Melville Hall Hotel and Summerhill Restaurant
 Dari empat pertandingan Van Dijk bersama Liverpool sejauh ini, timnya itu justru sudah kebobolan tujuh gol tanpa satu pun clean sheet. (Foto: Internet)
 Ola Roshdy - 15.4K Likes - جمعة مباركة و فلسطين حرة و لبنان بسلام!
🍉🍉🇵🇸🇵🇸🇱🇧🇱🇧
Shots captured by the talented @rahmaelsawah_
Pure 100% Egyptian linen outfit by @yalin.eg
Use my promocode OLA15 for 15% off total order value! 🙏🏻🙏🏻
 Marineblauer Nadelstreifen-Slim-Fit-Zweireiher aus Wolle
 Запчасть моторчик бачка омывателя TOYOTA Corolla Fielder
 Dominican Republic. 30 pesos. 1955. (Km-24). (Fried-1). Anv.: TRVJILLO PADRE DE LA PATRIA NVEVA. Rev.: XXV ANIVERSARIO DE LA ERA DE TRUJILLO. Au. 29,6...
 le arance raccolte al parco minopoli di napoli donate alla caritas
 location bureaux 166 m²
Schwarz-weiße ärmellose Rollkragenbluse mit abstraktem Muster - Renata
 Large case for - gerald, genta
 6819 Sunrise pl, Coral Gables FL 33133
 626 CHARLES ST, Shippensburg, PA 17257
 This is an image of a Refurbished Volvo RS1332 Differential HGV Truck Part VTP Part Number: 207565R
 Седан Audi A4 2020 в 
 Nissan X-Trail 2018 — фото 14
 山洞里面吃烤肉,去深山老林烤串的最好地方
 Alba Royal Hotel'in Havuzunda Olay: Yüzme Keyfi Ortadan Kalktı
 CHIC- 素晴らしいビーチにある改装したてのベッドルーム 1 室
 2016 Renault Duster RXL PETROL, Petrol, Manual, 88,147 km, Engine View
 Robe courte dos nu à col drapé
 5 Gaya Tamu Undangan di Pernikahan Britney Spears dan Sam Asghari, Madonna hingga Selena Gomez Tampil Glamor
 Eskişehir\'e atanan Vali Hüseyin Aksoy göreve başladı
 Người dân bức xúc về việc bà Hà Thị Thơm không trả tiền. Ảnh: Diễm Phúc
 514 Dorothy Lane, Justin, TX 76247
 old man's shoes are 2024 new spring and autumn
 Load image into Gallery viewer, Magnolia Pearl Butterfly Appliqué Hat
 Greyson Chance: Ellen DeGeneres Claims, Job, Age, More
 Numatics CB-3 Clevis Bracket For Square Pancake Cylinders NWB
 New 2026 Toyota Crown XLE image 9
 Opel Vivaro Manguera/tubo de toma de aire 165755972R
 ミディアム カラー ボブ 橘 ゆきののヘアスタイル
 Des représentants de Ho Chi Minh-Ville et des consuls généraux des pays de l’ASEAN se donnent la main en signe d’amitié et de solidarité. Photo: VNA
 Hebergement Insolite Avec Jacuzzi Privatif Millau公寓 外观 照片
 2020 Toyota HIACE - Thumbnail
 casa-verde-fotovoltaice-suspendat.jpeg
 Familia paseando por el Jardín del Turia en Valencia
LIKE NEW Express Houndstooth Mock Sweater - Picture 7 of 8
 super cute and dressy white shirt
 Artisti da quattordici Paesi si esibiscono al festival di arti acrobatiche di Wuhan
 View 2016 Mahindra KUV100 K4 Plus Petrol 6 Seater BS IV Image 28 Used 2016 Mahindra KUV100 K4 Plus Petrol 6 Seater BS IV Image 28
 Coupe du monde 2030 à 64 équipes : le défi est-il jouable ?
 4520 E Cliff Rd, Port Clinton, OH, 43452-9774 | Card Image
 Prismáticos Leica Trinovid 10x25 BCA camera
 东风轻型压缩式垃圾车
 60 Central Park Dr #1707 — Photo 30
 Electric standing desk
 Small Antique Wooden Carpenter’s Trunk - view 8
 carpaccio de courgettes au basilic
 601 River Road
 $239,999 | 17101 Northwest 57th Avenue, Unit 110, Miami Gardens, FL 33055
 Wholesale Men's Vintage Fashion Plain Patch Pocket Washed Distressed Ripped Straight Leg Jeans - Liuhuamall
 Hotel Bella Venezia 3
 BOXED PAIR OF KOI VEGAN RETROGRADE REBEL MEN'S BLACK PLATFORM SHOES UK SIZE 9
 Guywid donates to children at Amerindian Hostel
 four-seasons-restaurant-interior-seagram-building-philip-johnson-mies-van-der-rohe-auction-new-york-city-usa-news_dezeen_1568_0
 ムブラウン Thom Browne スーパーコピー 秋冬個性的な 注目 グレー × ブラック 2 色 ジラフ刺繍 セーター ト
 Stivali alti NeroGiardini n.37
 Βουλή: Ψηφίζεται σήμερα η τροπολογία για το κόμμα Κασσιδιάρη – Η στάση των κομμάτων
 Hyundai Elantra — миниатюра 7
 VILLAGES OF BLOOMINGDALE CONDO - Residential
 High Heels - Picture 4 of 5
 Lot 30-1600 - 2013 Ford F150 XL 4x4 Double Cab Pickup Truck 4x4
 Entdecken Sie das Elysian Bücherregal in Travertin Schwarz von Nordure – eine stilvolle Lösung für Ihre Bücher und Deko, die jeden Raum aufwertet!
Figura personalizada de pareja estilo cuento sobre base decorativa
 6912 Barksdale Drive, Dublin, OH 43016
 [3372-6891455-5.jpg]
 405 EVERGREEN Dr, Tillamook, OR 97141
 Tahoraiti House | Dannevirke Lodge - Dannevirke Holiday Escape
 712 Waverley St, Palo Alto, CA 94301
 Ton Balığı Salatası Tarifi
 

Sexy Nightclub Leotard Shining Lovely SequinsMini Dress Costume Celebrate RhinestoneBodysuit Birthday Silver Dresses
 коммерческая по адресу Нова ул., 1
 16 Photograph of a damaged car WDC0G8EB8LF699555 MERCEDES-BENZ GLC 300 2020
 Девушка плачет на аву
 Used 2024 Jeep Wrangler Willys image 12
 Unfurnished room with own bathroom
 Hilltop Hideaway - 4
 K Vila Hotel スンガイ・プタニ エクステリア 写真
==*==
=== EXERCISE DIRECTIONS ===
All lines above with the word "Truck" need to be reported.

=== COMPLETED EXERCISE ===
 This is an image of a Refurbished Volvo RS1332 Differential HGV Truck Part VTP Part Number: 207565R
 Lot 30-1600 - 2013 Ford F150 XL 4x4 Double Cab Pickup Truck 4x4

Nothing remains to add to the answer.